Gold will adhere to any surface that has been exposed to tin chloride whether by accident (in a digestion of mixed metals) or by purpose (adding stannous chloride directly to the solution). I did an experiment where I dipped a plastic spoon in stannous chloride. I rinsed the spoon in clean water and wiped the spoon dry. I used the spoon to stir a gold chloride solution after adding SMB and the spoon came out with a beautiful, shiny gold plating. I found that if I stirred to hard, the gold would peel off into shiny flakes. I've seen members comment about having solid gold flakes in their gold drop and not understanding where the (gold foils) came from. Any metal film on the glass will cause the gold to precipitate on the glass. You can wash the glass in some warm AR solution to remove the film. 
Tin chloride will create fumes that will collect on any cool surface it touches. It looks like a white glaze on any exposed glassware in the vicinity. It can't be washed off, not even with AR solution because it is converted to tin oxide by the air. It has to be abraded off. Use the green Scotch-brite scrub pads along with the bon ami to really get it clean. The plastic will not scratch the glass.


----------



## MrCrusher (Jul 5, 2016)

Please enjoy Laughing at this one. :lol: 

I deserve it

Well my total impatience to make my first button has well most likely cost me a lot of time and wasted effort.

Now for the funny part ( note I am not laughing  yet, myself, but in years to come I am sure I will )

The 2 crucibles I got both cracked trying to season them. I was desperate and have heard you could melt gold in a potato. I went and got a potato. BIG MISTAKE. I did manage to get a nugget done. However I now have a potato with well lets say beautiful gold specks all through it. 

I sort of hate to ask but has anyone else ever been this stupid? Err let me rephrase. Has anyone else made this mistake and how did you recover the gold from the potato? Considering how hard these things are to burn I think incineration is out of the question. The only thing I can think of is to let it sit out and dehydrate, then I may be able to burn it.

Since I have no idea what would happen if I tried to put this in any acids I would not think of trying that one. Unless some one here more experienced then me has a known way to process this gold out of the potato.

I would post a pic of the nugget I did manage to make but my phone just wont get a picture worth looking at. It did weigh in at 24.4 grams but has some residue on it I still need to remove. I am sure once I get a "Good" crucible I will re-melt this.

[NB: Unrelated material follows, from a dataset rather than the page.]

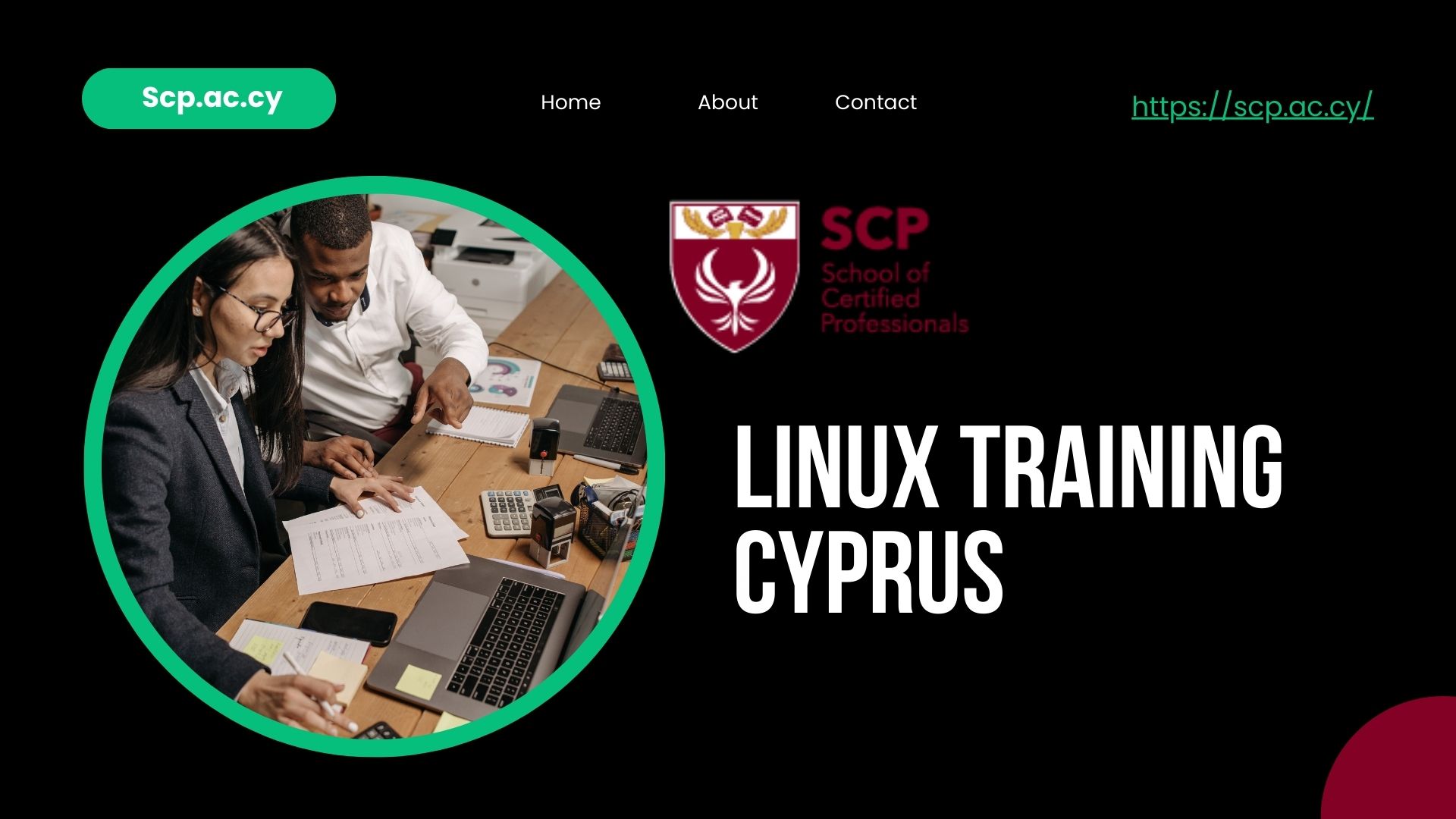 Linux Training Cyprus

Also for torch melting does anyone have a recommended crucible I should use. One that is durable and worth having?

Thanx
Mr_Crusher


----------



## Topher_osAUrus (Jul 5, 2016)

Sulfuric will eat up the potato quite well i think.

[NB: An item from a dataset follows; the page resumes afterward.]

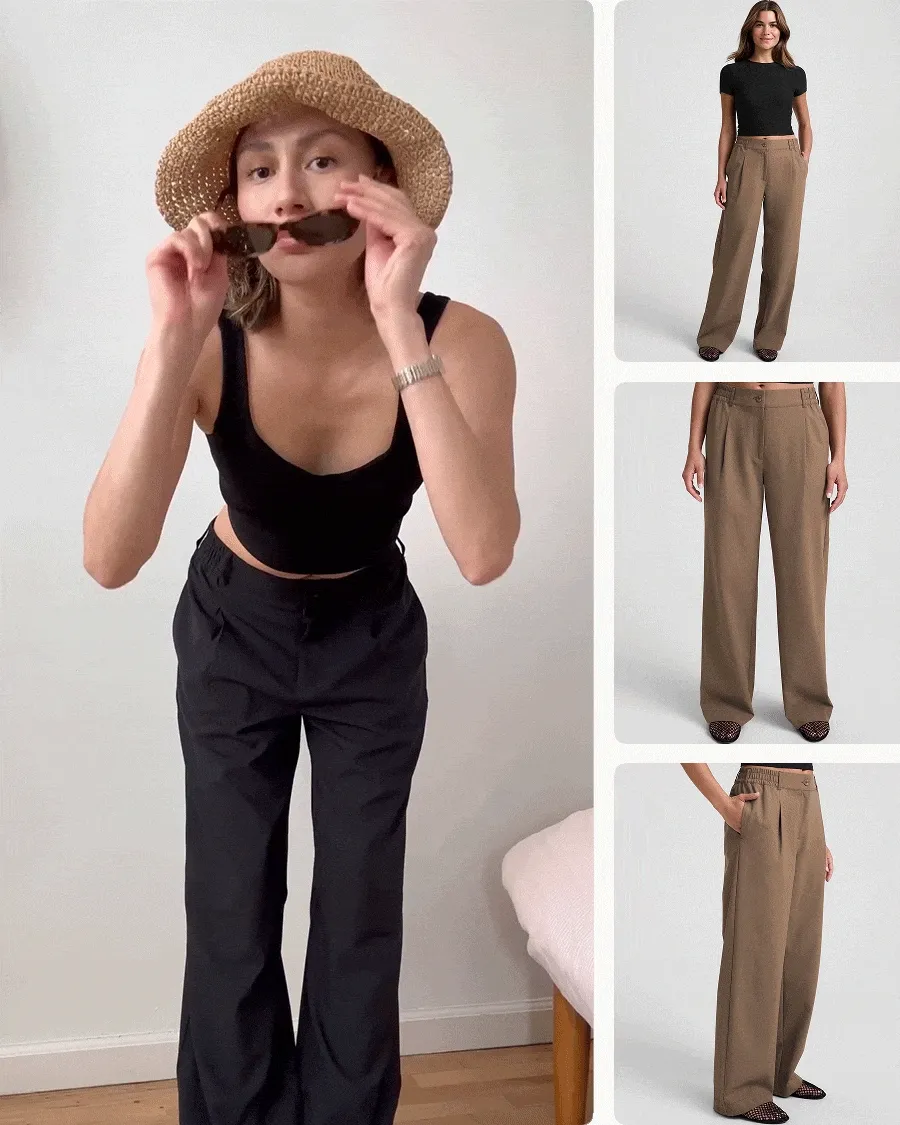 Shop Status Trouser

Or maybe cut out the gold layden portion of your sparkly spud letting it dehydrate as much as possible, then maybe separate with water, as potato is mainly starch it should be fairly easy to get it into water with the gold of course staying on bottom.

I have heard of people using drywall, and a log or piece of coal, i myself have used corningware pyroceram... But i have never heard of the potato until now.

Hope you get your gold!


----------



## Geo (Jul 5, 2016)

Cut it up in small pieces and burn it to ashes. Collect all the ashes and incinerate.


----------



## Topher_osAUrus (Jul 5, 2016)

Forgot to add in the end of my last post. =

Can we get a picture of said potato?

I would very much like to see its golden "buttery" goodness.


----------



## MrCrusher (Jul 5, 2016)

I'll try for a pic I am sort of over it now . . its funny

But I don't know how well the gold will show up

Thanx for the advice guys

Mr_Crusher


----------



## MrCrusher (Jul 5, 2016)

Ok One Sparkling Spud
sorry about the picture quality


I also included the little nugget that came out of the spud it is much lighter after cleaning it up.

It was 21.8 Grams


----------



## Barren Realms 007 (Jul 5, 2016)

MrCrusher said:


> Please enjoy Laughing at this one. :lol:
> 
> I deserve it
> 
> ...



Melting dishes.

How do you crack one seasoning it?

To season one put it in your oven at 100 F, Raise the temp 100 every 30 minutes to an hour till you reach the high temp of your oven. Simple and easy.

LazerSteve has dishes.
http://www.goldrecovery.us/pricing.asp


----------



## jason_recliner (Jul 7, 2016)

I think the problem is you didn't season your potato. A light sprinkle of sodium chloride is most effective.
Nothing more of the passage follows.